Extended Likelihood

Unbinned Extended Likelihood

Let \(x\) be a random variable distributed according to a p.d.f. \(~f\left(x\,\middle|\,\vec{\theta}\right)\),

\[ \begin{equation*} x \sim f\left(x\,\middle|\,\vec{\theta}\right), \end{equation*} \]

with \(n\) observations, \(\vec{x} = \left(x_1, \cdots, x_n\right)\), and \(m\) unknown parameters, \(\vec{\theta} = \left(\theta_1, \cdots, \theta_m\right)\). The likelihood would normally then be

\[ L\left(\vec{\theta}\right) = \prod_{i=1}^{n} f\left(x_i; \vec{\theta}\right). \]

However, if \(n\) itself is a Poisson random variable with mean \(\nu\),

\[ n \sim \text{Pois}\left(n \,\middle|\, \nu\right), \]

then it follows that

\[\begin{split} \begin{align} L\left(\nu; \vec{\theta}\right) &= \text{Pois}\left(n; \nu\right) \prod_{i=1}^{n} f\left(x_i; \vec{\theta}\right) \notag\\ &= \frac{\nu^{n}\,e^{-\nu}}{n!} \prod_{i=1}^{n} f\left(x_i; \vec{\theta}\right) \notag\\ &= \frac{e^{-\nu}}{n!} \prod_{i=1}^{n} \nu\, f\left(x_i; \vec{\theta}\right). %\label{eq_extended-likelihood} \end{align} \end{split}\]

This equation is known as the “extended likelihood function”, as we have “extended” the information encoded in the likelihood to include the expected number of events — a quantity of great importance to physicists. It can be see from inspection though that the extended likelihood still follows the form of a likelihood, so no different treatment is required in finding its MLE estimators.

\(\nu\) is dependent on \(\vec{\theta}\)

In the instance that \(\nu\) is a function of \(\vec{\theta}\), \(\nu = \nu\left(\vec{\theta}\right)\), then

\[ L\left(\vec{\theta}\right) = \frac{e^{-\nu\left(\vec{\theta}\right)}}{n!} \prod_{i=1}^{n} \nu\left(\vec{\theta}\right)\, f\left(x_i; \vec{\theta}\right), \]

such that

\[ \ln L\left(\vec{\theta}\right) = - \nu\left(\vec{\theta}\right) - \ln n! + \sum_{i=1}^{n} \ln\left(\nu\left(\vec{\theta}\right)\, f\left(x_i; \vec{\theta}\right)\right), \]

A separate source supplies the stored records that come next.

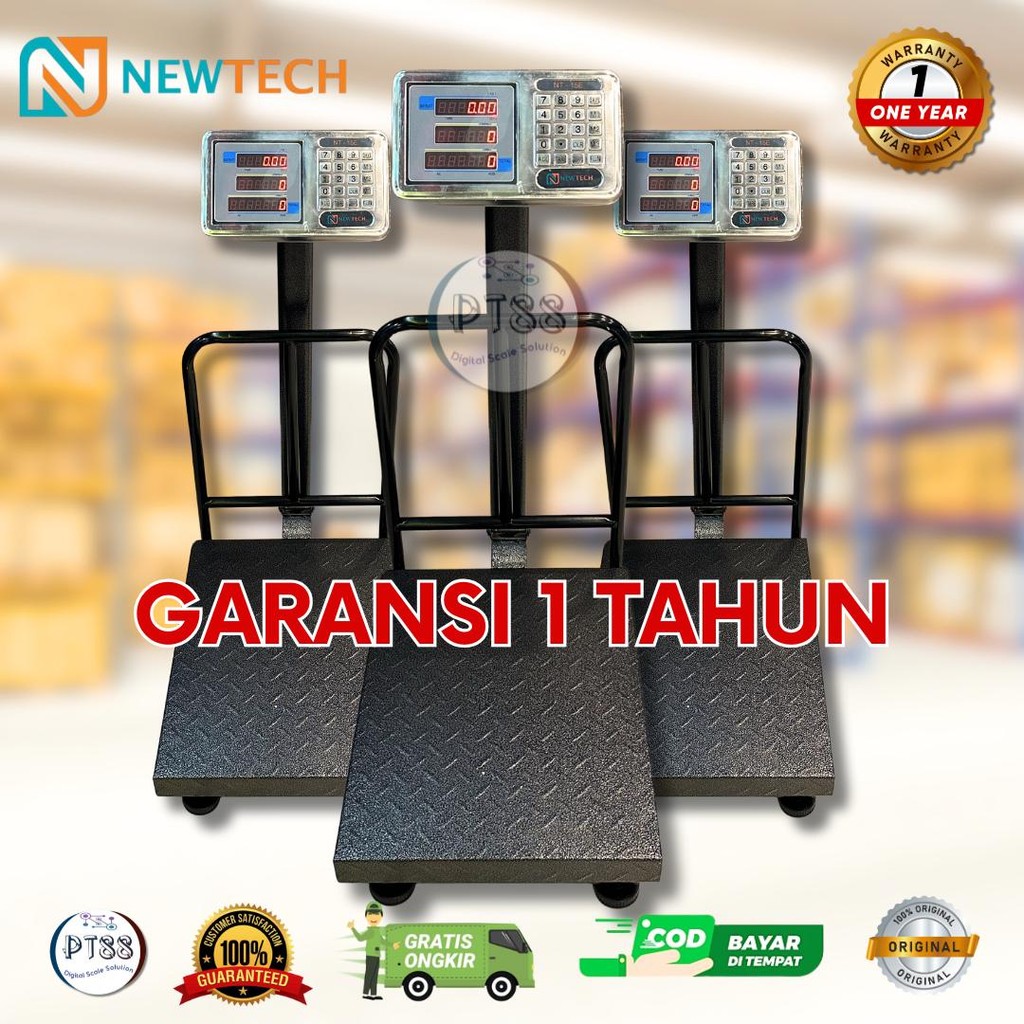 timbangan digital150kg / timbangan barang 150kg NEWTECH BISA DILIPAT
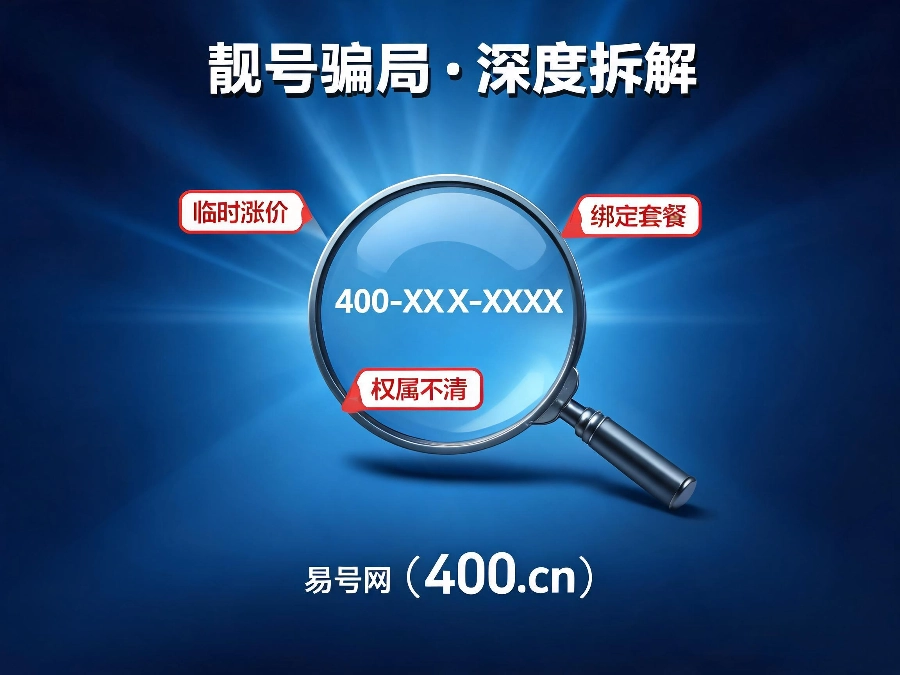 2026年400靓号低价引流骗局拆解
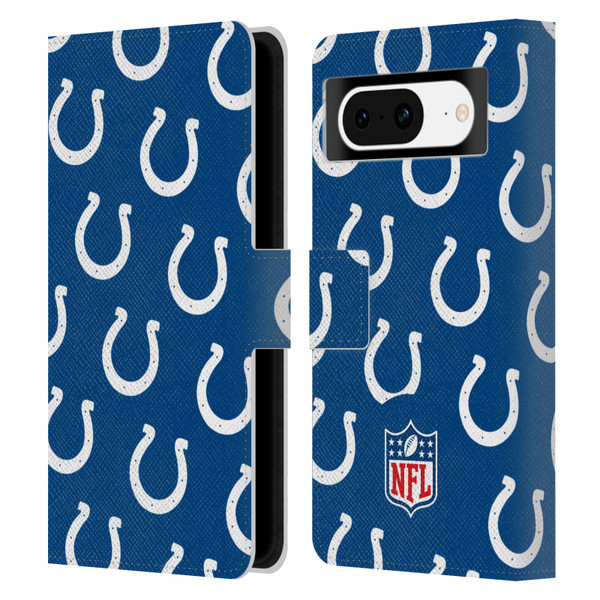 NFL Indianapolis Colts Artwork Patterns Leather Book Wallet Case Cover For Google Pixel 8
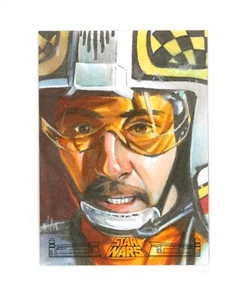 2017 Topps Star Wars 40th Anniv Sketch Card Biggs Darklighter by Mark Mangum 1/1 - Picture 1 of 2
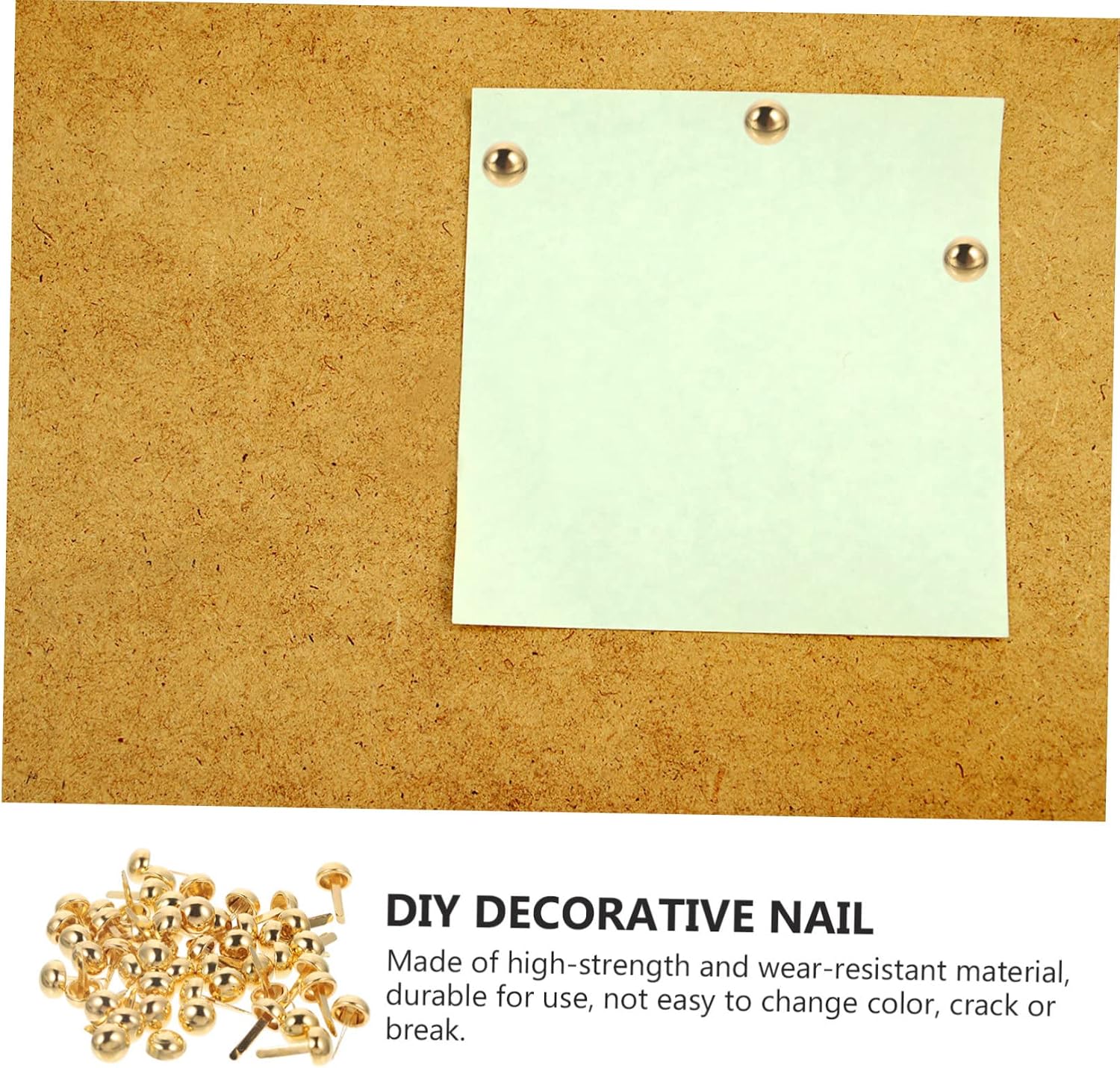 SOLUSTRE Scrapbooking Paper Fastener Brads Craft Pin Fasteners for Boys and Girls Adults 100pcs Decorative Nails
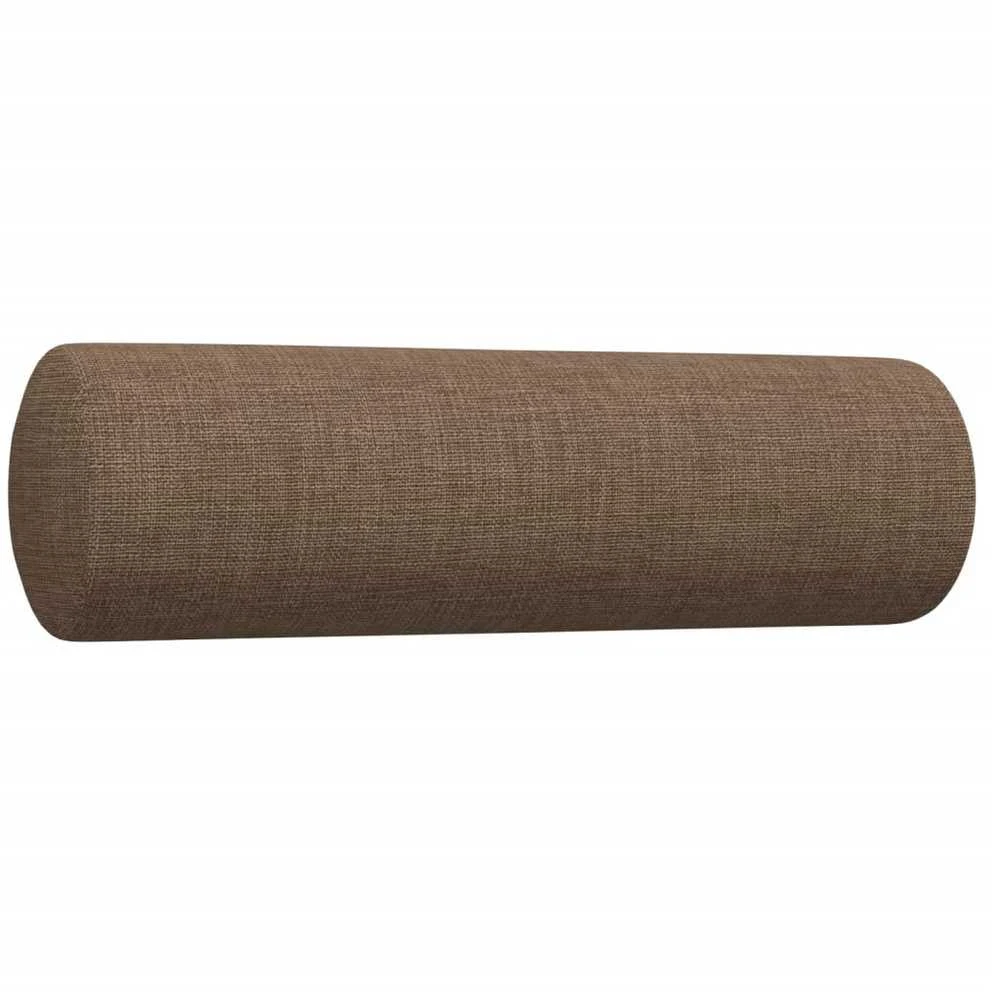 Sofa Sofos komplektas su pagalvėmis, 3 dalių, rudas, audinys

where \(n\) is a constant of the data, and so will have no effect on finding the estimators of any parameters, leading it to be safely ignored. Thus,

\[ \begin{equation} \boxed{-\ln L\left(\vec{\theta}\right) = \nu\left(\vec{\theta}\right) -\sum_{i=1}^{n} \ln\left(\nu\left(\vec{\theta}\right)\, f\left(x_i; \vec{\theta}\right)\right)}\,. \end{equation} \]

Note that as the resultant estimators, \(\hat{\vec{\theta}}\), exploit information from both \(n\) and \(x\) this should generally lead to smaller variations for \(\hat{\vec{\theta}}\).

\(\nu\) is independent of \(\vec{\theta}\)

In the instance that \(\nu\) is independent of \(\vec{\theta}\),

\[ L\left(\nu; \vec{\theta}\right) = \frac{e^{-\nu}}{n!} \prod_{i=1}^{n} \nu\, f\left(x_i; \vec{\theta}\right), \]

then

\[\begin{split} \begin{split} \ln L\left(\nu; \vec{\theta}\right) &= - \nu - \ln n! + \sum_{i=1}^{n} \ln\left(\nu\, f\left(x_i; \vec{\theta}\right)\right)\\ &= - \nu + \sum_{i=1}^{n} \left(\ln\nu + \ln f\left(x_i; \vec{\theta}\right)\right) - \ln n! \\ &= - \nu + n \ln\nu + \sum_{i=1}^{n} \ln f\left(x_i; \vec{\theta}\right) - \ln n!\,, \end{split} \end{split}\]

such that

\[ \begin{equation} \boxed{-\ln L\left(\nu; \vec{\theta}\right) = \nu - n \ln\nu - \sum_{i=1}^{n} \ln f\left(x_i; \vec{\theta}\right)}\,. \end{equation} \]

As \(L\) is maximized with respect to a variable \(\alpha\) when \(−\ln ⁡L\) is minimized,

\[ \frac{\partial \left(-\ln L\right)}{\partial \alpha} = 0, \]

then it is seen from

\[ \frac{\partial \left(-\ln L\left(\nu; \vec{\theta}\right)\right)}{\partial \nu} = 1 - \frac{n}{\nu} = 0, \]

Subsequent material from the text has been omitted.